GoofGoof
Premium Member
Operating income is before taxes and capital expenditures. 101-138. Lost money. Surely though they can hire the accountants that would get them zero tax liability on that.
But that really underlines my point. The Internet is stuck in 2011 when it comes to the Uni/Disney debate. When they closed Jaws in Jan 2012, they thought they could do no wrong. Then they realized they could and did do wrong. May 2013 is a completely different picture. I'm all for spending money, but as I mentioned there's definitely a growing doubt that throwing wads of cash at the Orlando parks is a good strategy because there's a sense that in 5-7 years they're going to be sitting in meetings debating what the heck they were thinking.
Right.
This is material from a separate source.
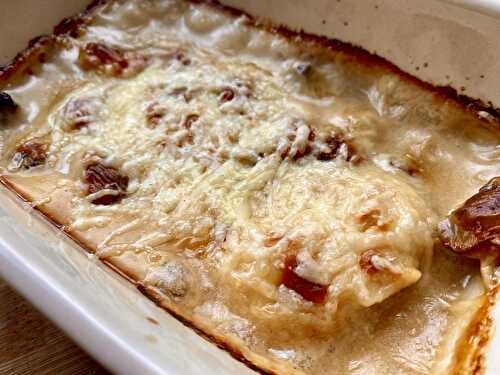 Escalopes de poulet gratinées aux champignons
Operating income before depreciation and taxes is $173M. This is also pretty much the same thing as cash flow from operations. If you take that number and back out the $138M spent on capital projects this quarter the theme park division had $35M of free cash flow which gets rolled back into the Comcast corporate free cash flows and is used to either return money to shareholders or keep in cash on hand for further investments. That may not be as impressive as the free cash flow thrown off by the cable segment, but the point is the segment had positive free cash flow. Even if the free cash flow number was negative they could justify it since they are in the middle of an expansion. Using the operating income after depreciation number makes no sense since depreciation is a non-cash expense.